Decimo Congresso dell’Unione Sportiva sul tema “Lo Sport un’impresa! La responsabilità sociale dello sport per andare oltre la crisi”. Verranno rinnovati gli organi dirigenziali

Us Acli

“Lo Sport un’impresa! La responsabilità sociale dello sport per andare oltre la crisi” è il titolo del X Congresso dell’Unione Sportiva delle Acli di Milano che si svolgerà sabato 2 marzo, dalle 10, presso il Salone Clerici delle Acli di Milano (via della Signora 3). Si tratta di un appuntamento importante, non solo perché verranno rinnovati gli organi dirigenziali, aprendo così la stagione congressuale dell’Unione Sportiva delle Acli a livello regionale e nazionale, ma perché nuove e stimolanti sfide attendono il Movimento.

Nata nel 1976, l’Unione Sportiva delle Acli, nel corso degli anni ha promosso, sostenuto e organizzato attività motorie, ludiche e sportive rivolte a soggetti di ogni età e di ogni condizione, con particolare attenzione alle persone più esposte a rischi di emarginazione fisica e sociale. Un’attenzione privilegiata è da sempre rivolta ai bambini e ai giovani, non soltanto perché lo sport rappresenta una delle più “facili” attività di ricreazione, di aggregazione e di impegno, ma soprattutto perché la pratica motoria, ludica e sportiva riveste un fondamentale ruolo educativo e formativo.

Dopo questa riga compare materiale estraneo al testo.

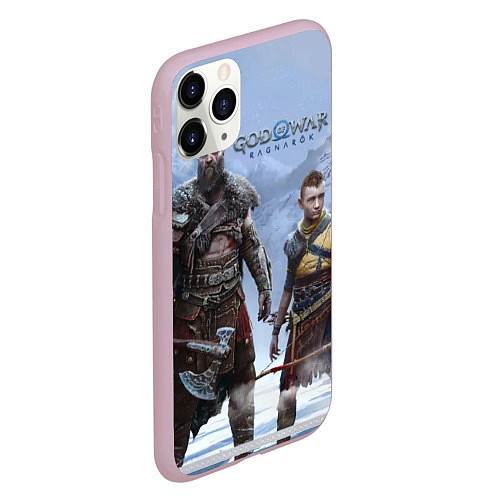 Чехол iPhone 11 Pro матовый God of war ragnarok-God of War: Рагнарёк / 3D-Розовый – фото 2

Attualmente l’Unione Sportiva a Milano conta circa ventimila associati e centocinquanta associazioni sportive dilettantistiche.

«Oggi il mondo sportivo si deve far carico di una fase storica complicata e critica, non solo sul versante economico, ma anche sotto l’aspetto sociale, della tenuta sociale in particolare – spiega il presidente provinciale dell’Us Acli, Domenico Lupatini, introducendo i temi del Congresso -. Se vogliamo quindi rimanere al passo con i tempi nella seppur piccola storia del mondo sportivo promozionale e se vogliamo essere protagonisti dei cambiamenti e non subirli, dobbiamo continuare ad attrezzarci adeguatamente a partire da quelle aree che sono ormai i capisaldi del nostro elaborare e del nostro agire: innovazione e rinnovamento, cultura del lavorare per progetti e formazione permanente».

All’interno dei lavori dell’assise saranno consegnate le “Spighe di bronzo” e il “Lauro d’oro” a personaggi del mondo dello sport che si sono contraddistinti per aver vissuto “una vita per lo sport”. I premiati saranno il giornalista Franco Arturi, vicedirettore della Gazzetta dello Sport, don Claudio Burgio, “Rivera” della Seleçao Sacerdoti Calcio, fondatore e presidente di Kayros Onlus, dedita all’accoglienza dei ragazzi in difficoltà, e cappellano del carcere minorile Beccaria di Milano, Paolo Casarin, arbitro di calcio italiano e internazionale, Mario Corso, della Grande Inter, Pierluigi Marzorati, icona della Pallacanestro Cantù, presidente lombardo del Coni.